When VUHS has calculated GPAs, it has not used the original numerical grade, Webbley said, but the translated value. Therefore, a 93 had the same value to a student as a 96 — both were 4.0s when averaged. Similarly, 83s equaled 86s, 77s equaled 79s, etc. 
Webbley told parents when the new calculations were applied to the top 30 senior students, all 30 moved in the rankings.
That change sparked some concern.
“It is a bit disturbing that so many students’ scores and placements changed when comparing the old and new systems,” Delaney wrote.
But Webbley said he was surprised when he realized the GPAs were not based on the original numerical grades, as the new GPAs will be. Students with 96s will do better than students with 93s in the new system, for example, he said, and that’s as it should be.
“I definitely see that as a fairness issue,” he said. “Because we clustered in the old system … the kids at the lower end of that cluster, consistently, when you recalculate under the new system, his grade will drop slightly … If they’re at the high end of the clusters consistently throughout their grades, get a lot of B-pluses, get a lot of A-pluses, things like that, they actually do better under the new system than the old system. It’s more accurate.”

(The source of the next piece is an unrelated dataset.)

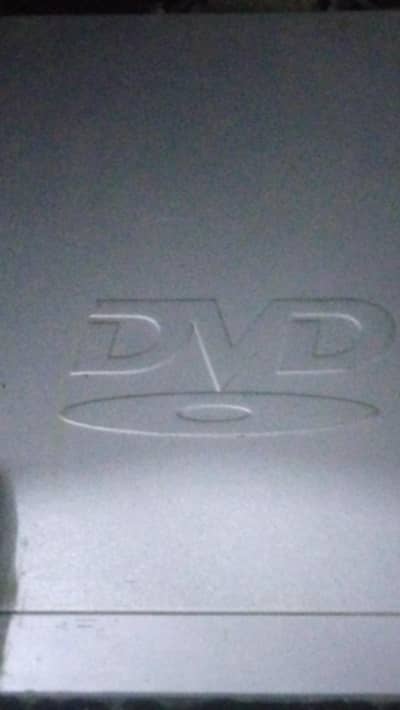 DVD .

One result of the current debate will be regular repeats of the Oct. 3 meeting with Webbley, which he hopes will be as well attended. Webbley said he didn’t mind being on the hot seat if parents show that level of concern.
“It was great, and we made a pledge we’re going to continue doing it on a monthly basis,” he said. 
Kerschner believes more meetings like last week’s will help parents and students deal with change as VUHS continues to look to raise the bar.  
“I think people came away more informed, and I felt the tension level was reduced. I don’t know if it’s completely solved,” Kerschner said. “There are a lot of changes going forward.”